### EXCERPTED RECORDS:
-------------------------

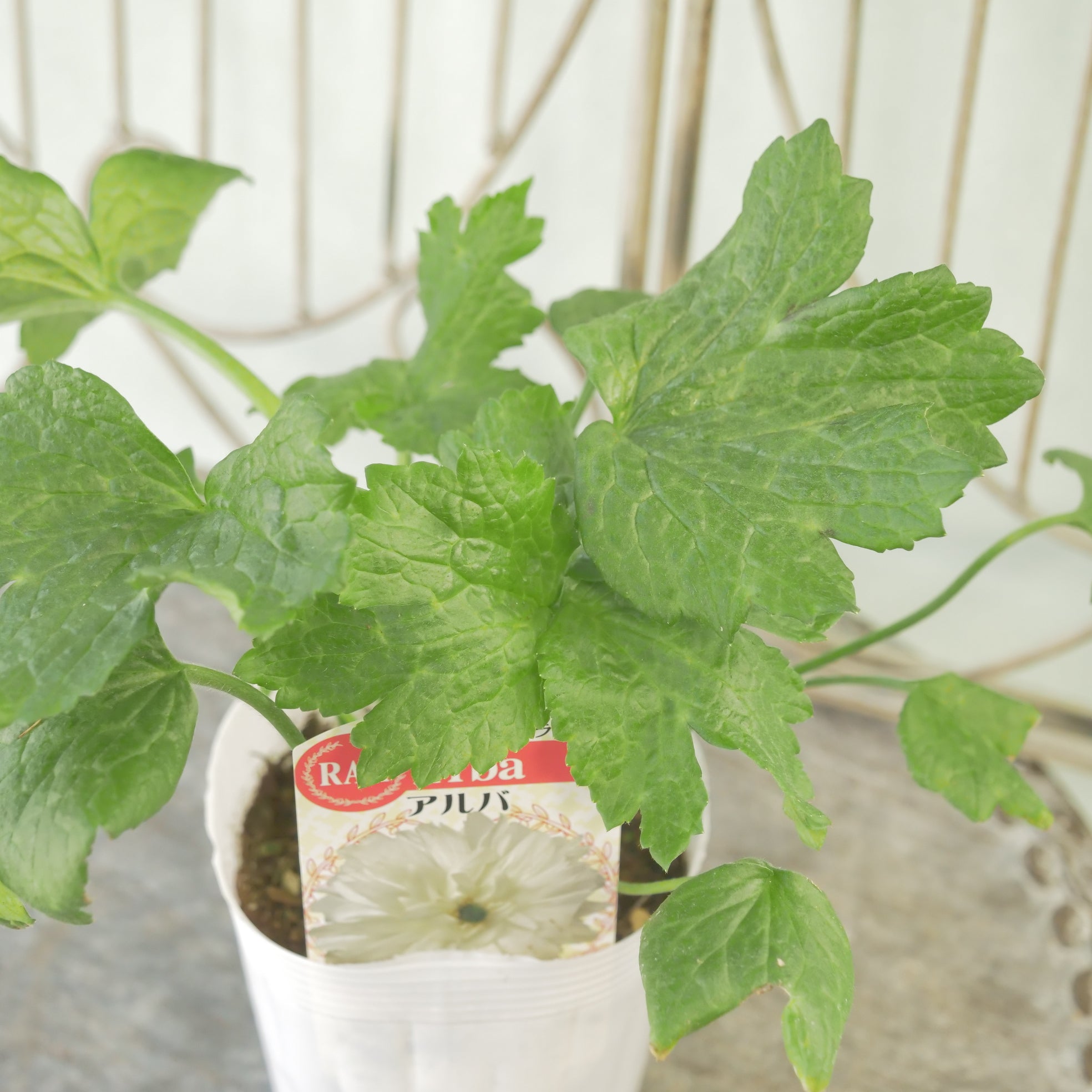 綾園芸さんオリジナル ラナンキュラスラックス【アルバ】 生産者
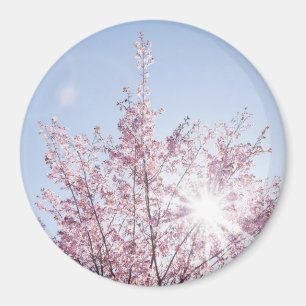 zonnestralen passeren roze bloemen van een wow - b magneet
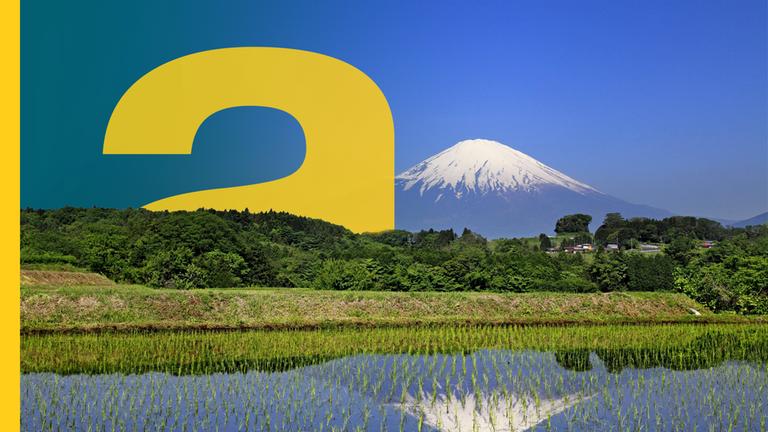 Mount Fuji spiegelt sich in einem Reisfeld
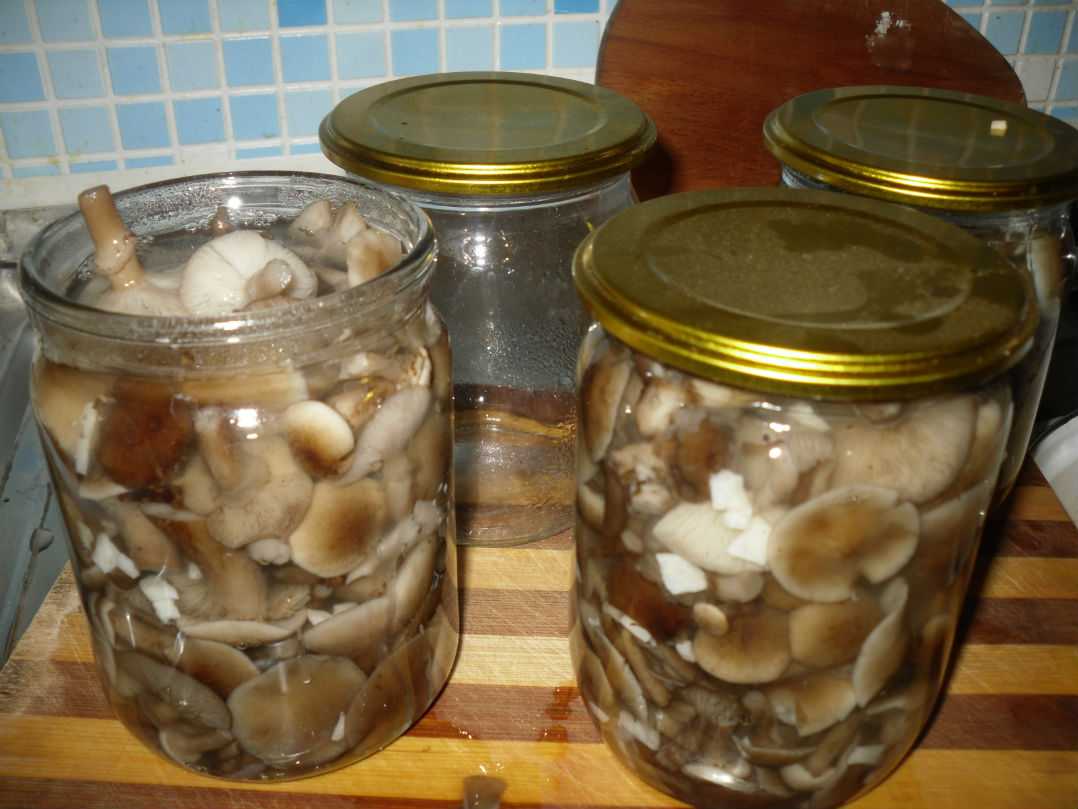 Нужно ли варить грибы лисички: сколько варятся, как отварить, перед жаркой, до готовности, в супе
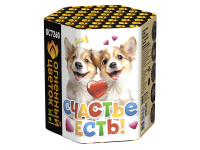 Счастье есть! Салют купить в Долинске | dolinsk.salutsklad.ru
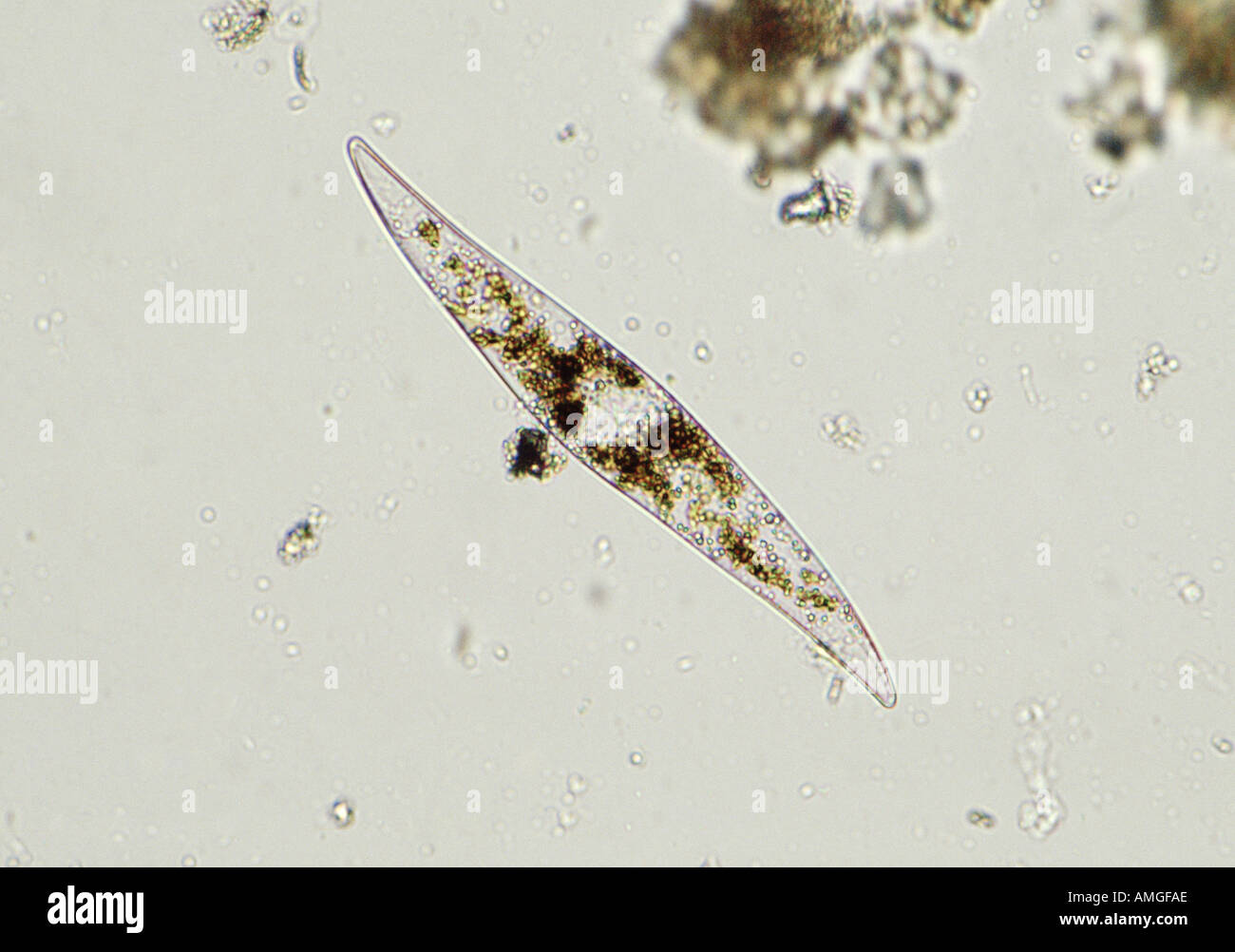 Le phytoplancton montrant Kelvin chlorophyle Aitken V W sous l'océan chaîne alimentaire alimentation microscope krill baleine survie c Banque D'Images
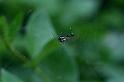 Frontinellina_frutetorum_D5190_Z_85_Les Gris_Frankrijk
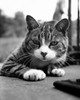 Cat lying down Poster Print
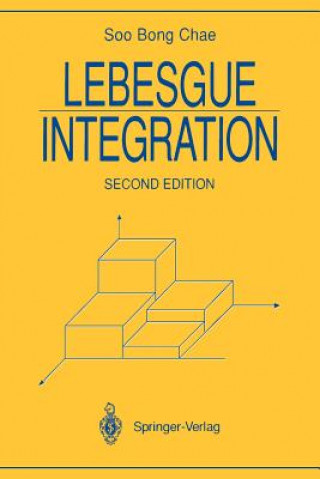 Buch Lebesgue Integration Soo B. Chae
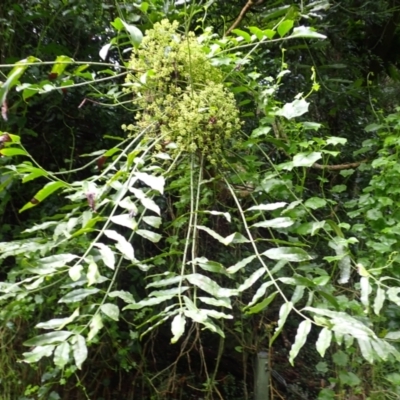 Polyscias murrayi (Pencil Cedar) at Brogers Creek, NSW - 7 Mar 2024 by plants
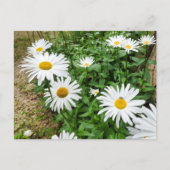 Carte Postale Leucanthemum Blooms (Devant)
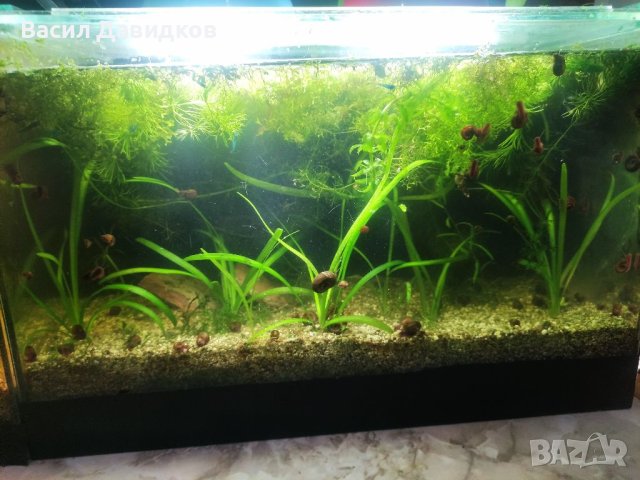 Аквариумни растения , имам и за езеро, снимка 9 - Рибки - 40911686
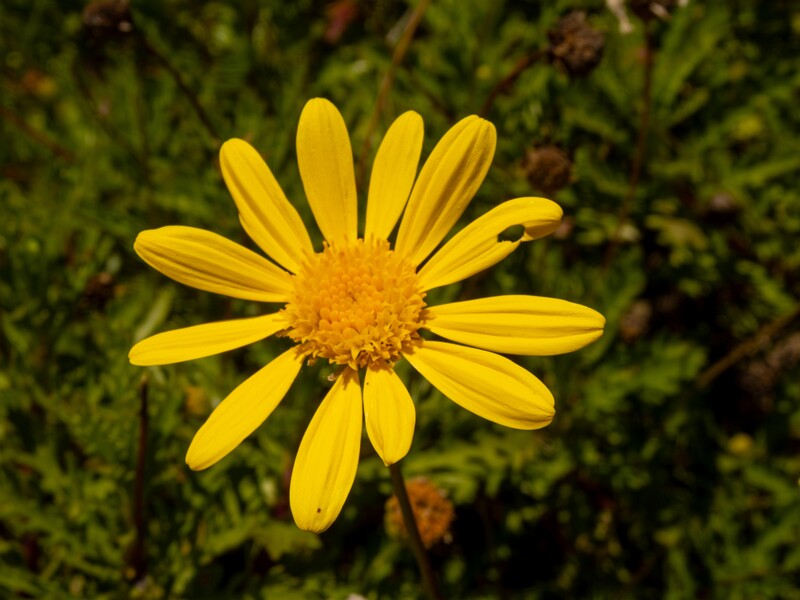 Euryops pectinatus  2025-05-12 1-3
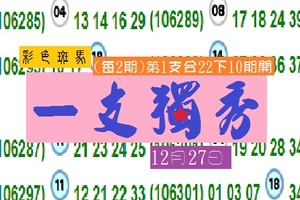 今彩539~~彩色斑馬明日之星!!12月27日 一支獨秀參考版~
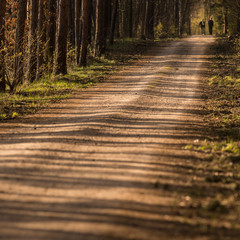 Long path through a forest with abstract shadow patterns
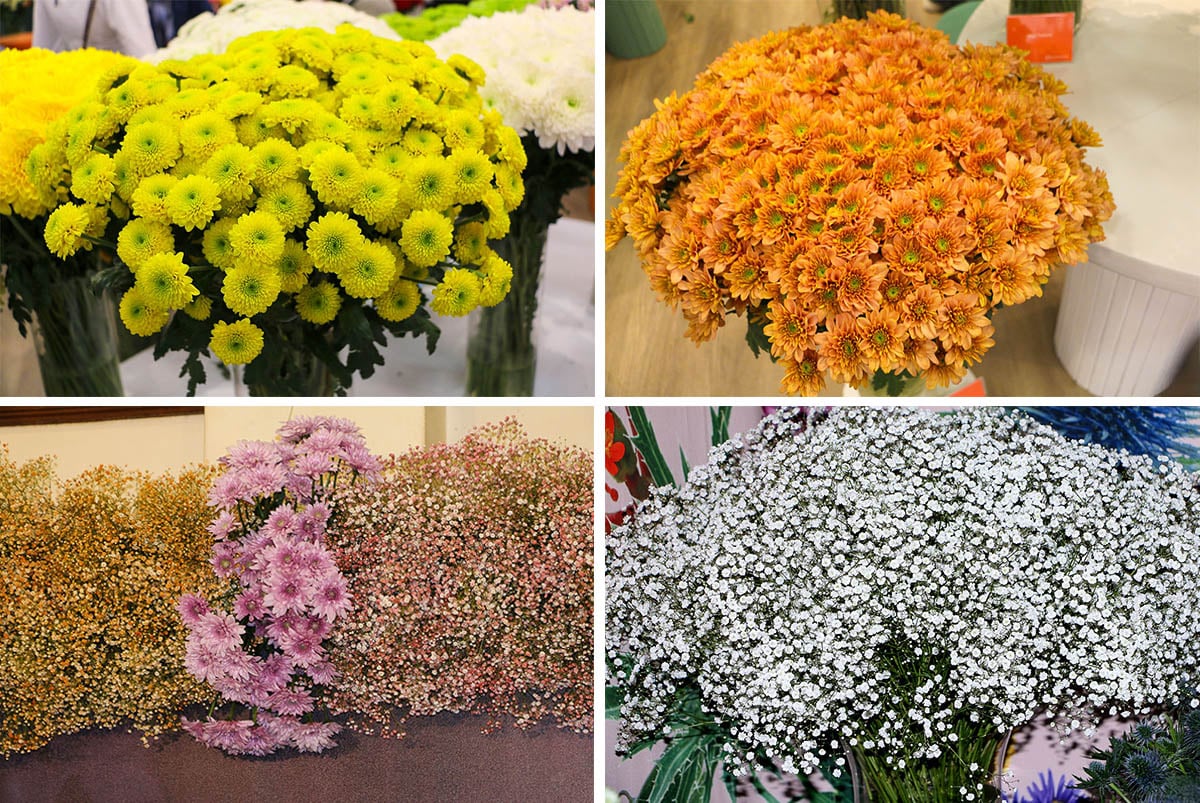 Beatrice Cheruon IFTEX 2026 blog chrysant gyp Beatrice Cheruon IFTEX 2026 blog chrysant gyp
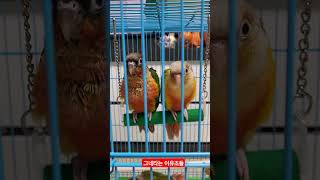 그네타는 코뉴어 이유조들 #birds #코뉴어 #parrot #이유조 #그네타는 앵무새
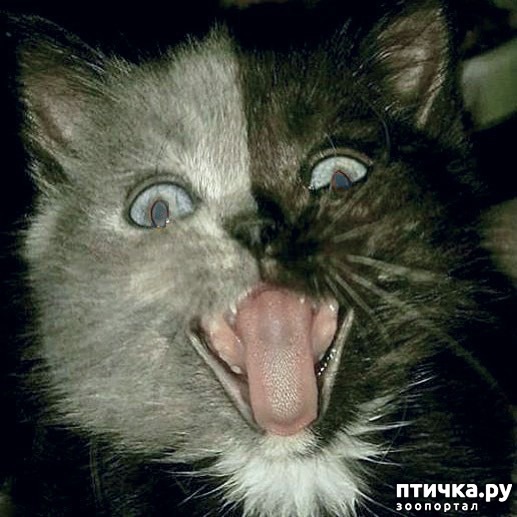 ���� 11: ����� ������ � ��������� ������� - ����� ����� �������))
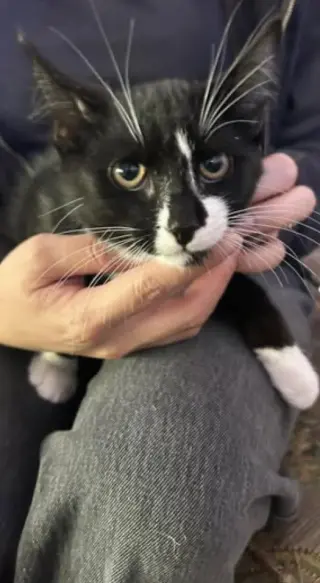 Bowie Napa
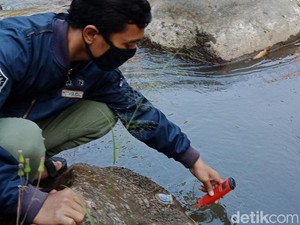 Komunitas Mahasiswa Ini Sebut Kali Brantas Malang Dikepung Mikroplastik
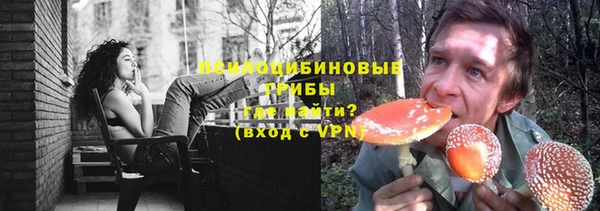 молекула духа Арсеньев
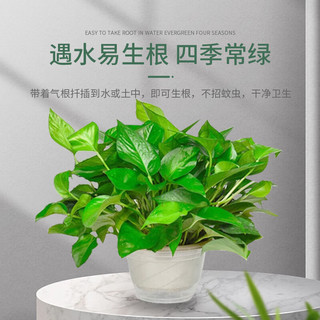 墨一绿萝盆栽大盆绿植室内花卉办公室客厅阳台植物 180#自动吸水盆8盆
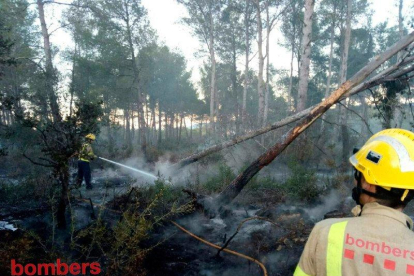 Imatge del bosc cremat a Rasquera mentre actuaven els bombers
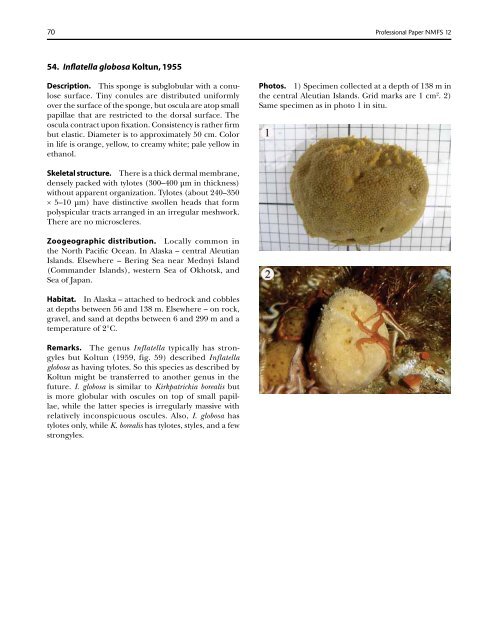 A guide to the deep-water sponges of - NMFS Scientific Publications ...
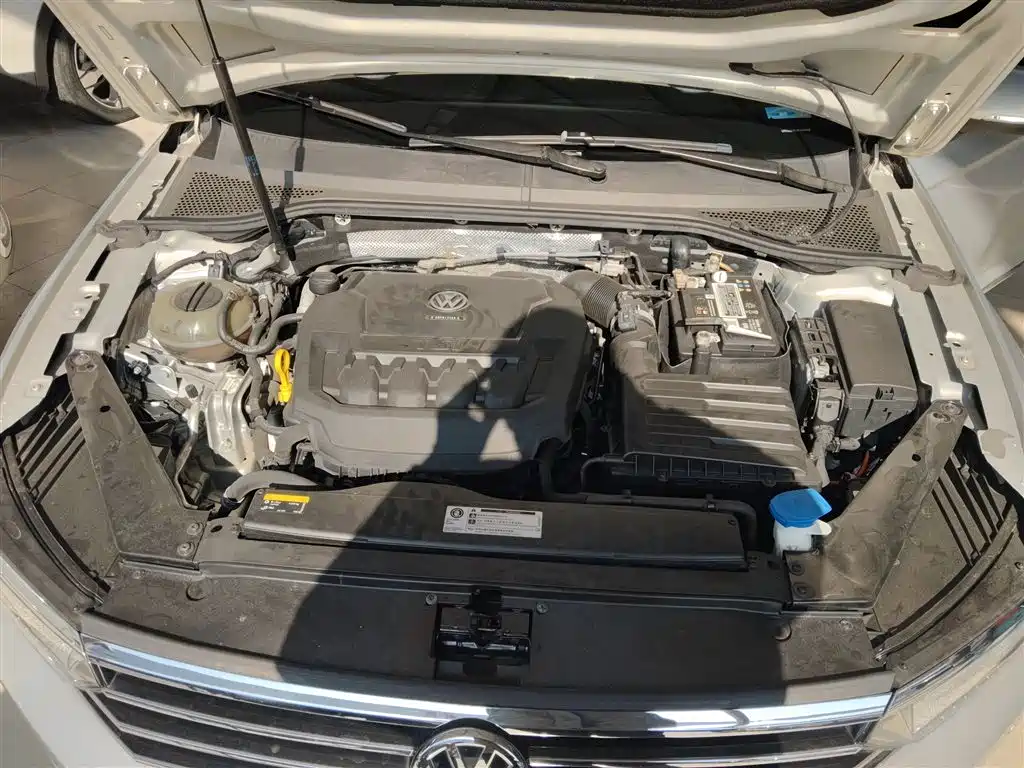 Volkswagen Magotan 2019 330TSI DSG Leading China V фото 10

-------------------------

### WORK TO COMPLETE:
Restate the whole of the material word for word without the pictures.

### YOUR SOLUTION:
 綾園芸さんオリジナル ラナンキュラスラックス【アルバ】 生産者
 zonnestralen passeren roze bloemen van een wow - b magneet
 Mount Fuji spiegelt sich in einem Reisfeld
 Нужно ли варить грибы лисички: сколько варятся, как отварить, перед жаркой, до готовности, в супе
 Счастье есть! Салют купить в Долинске | dolinsk.salutsklad.ru
 Le phytoplancton montrant Kelvin chlorophyle Aitken V W sous l'océan chaîne alimentaire alimentation microscope krill baleine survie c Banque D'Images
 Frontinellina_frutetorum_D5190_Z_85_Les Gris_Frankrijk
 Cat lying down Poster Print
 Buch Lebesgue Integration Soo B. Chae
 Polyscias murrayi (Pencil Cedar) at Brogers Creek, NSW - 7 Mar 2024 by plants
 Carte Postale Leucanthemum Blooms (Devant)
 Аквариумни растения , имам и за езеро, снимка 9 - Рибки - 40911686
 Euryops pectinatus  2025-05-12 1-3
 今彩539~~彩色斑馬明日之星!!12月27日 一支獨秀參考版~
 Long path through a forest with abstract shadow patterns
 Beatrice Cheruon IFTEX 2026 blog chrysant gyp Beatrice Cheruon IFTEX 2026 blog chrysant gyp
 그네타는 코뉴어 이유조들 #birds #코뉴어 #parrot #이유조 #그네타는 앵무새
 ���� 11: ����� ������ � ��������� ������� - ����� ����� �������))
 Bowie Napa
 Komunitas Mahasiswa Ini Sebut Kali Brantas Malang Dikepung Mikroplastik
 молекула духа Арсеньев
 墨一绿萝盆栽大盆绿植室内花卉办公室客厅阳台植物 180#自动吸水盆8盆
 Imatge del bosc cremat a Rasquera mentre actuaven els bombers
 A guide to the deep-water sponges of - NMFS Scientific Publications ...
 Volkswagen Magotan 2019 330TSI DSG Leading China V фото 10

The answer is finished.